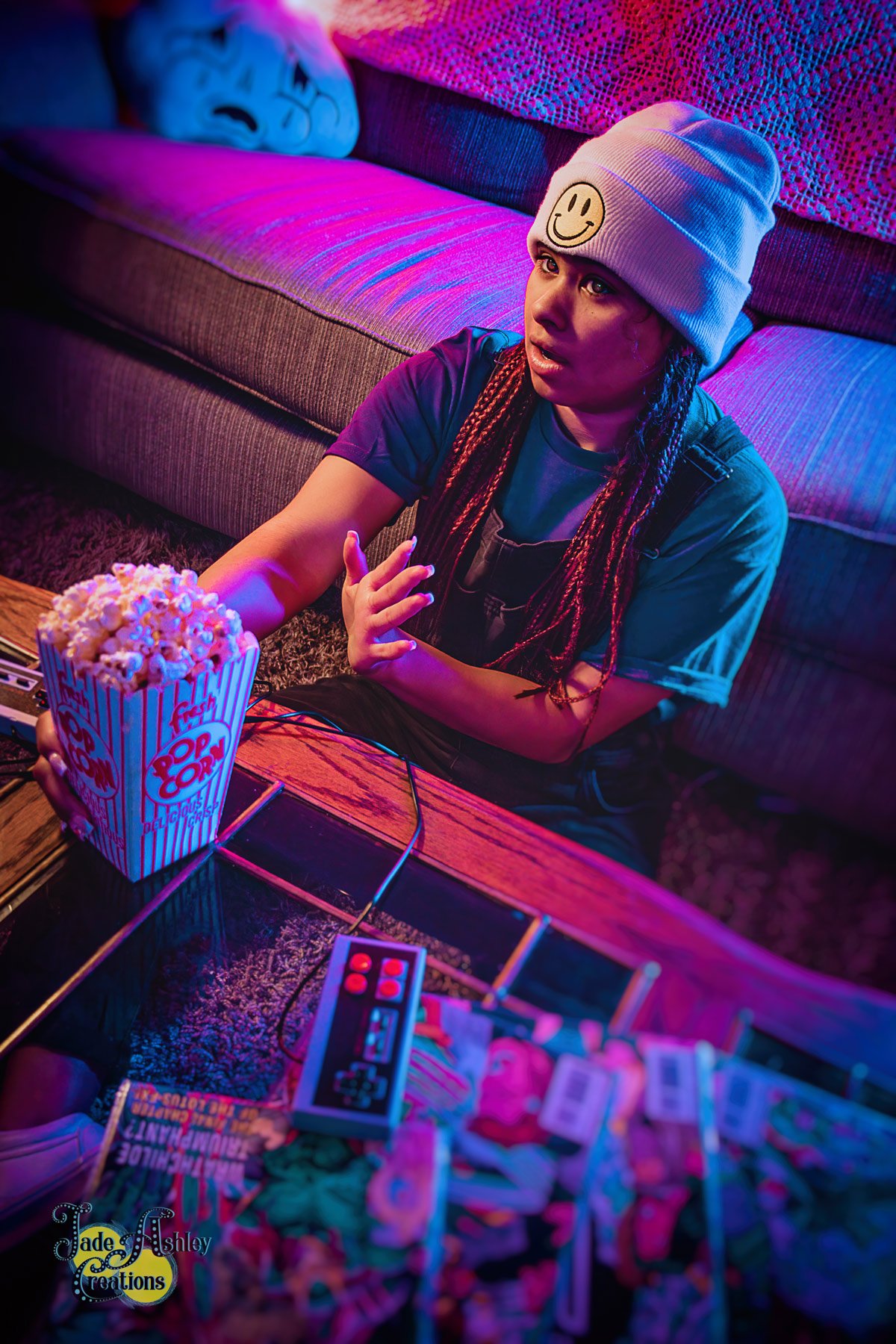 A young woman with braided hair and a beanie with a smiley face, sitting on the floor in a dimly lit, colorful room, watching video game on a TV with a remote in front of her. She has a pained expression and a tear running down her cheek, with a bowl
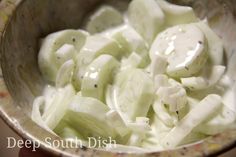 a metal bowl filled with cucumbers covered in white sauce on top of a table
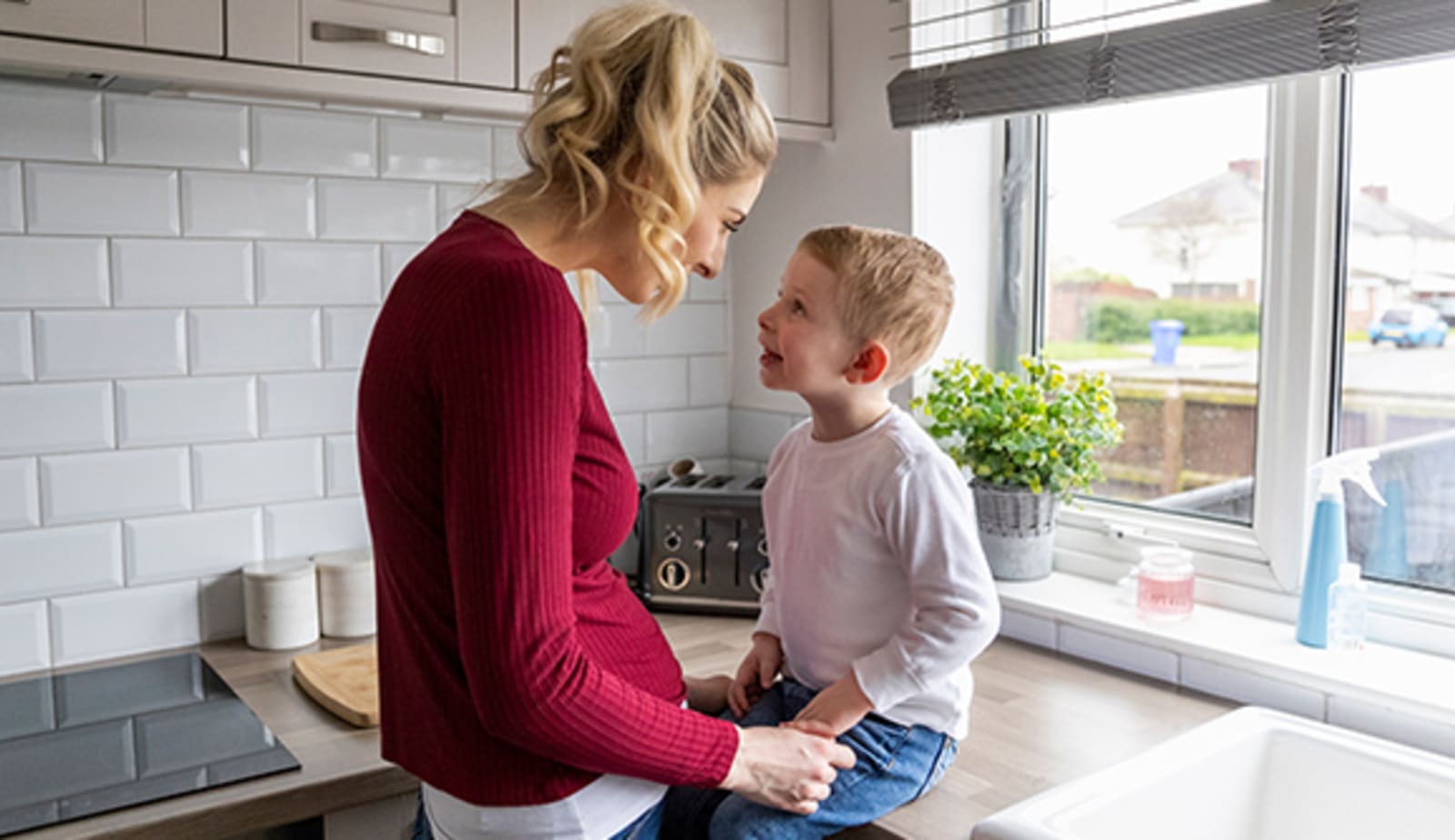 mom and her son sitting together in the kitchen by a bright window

* Prompt
Give back the material above exactly, but without its images.

* Exercise solution
 A young woman with braided hair and a beanie with a smiley face, sitting on the floor in a dimly lit, colorful room, watching video game on a TV with a remote in front of her. She has a pained expression and a tear running down her cheek, with a bowl
 a metal bowl filled with cucumbers covered in white sauce on top of a table
 mom and her son sitting together in the kitchen by a bright window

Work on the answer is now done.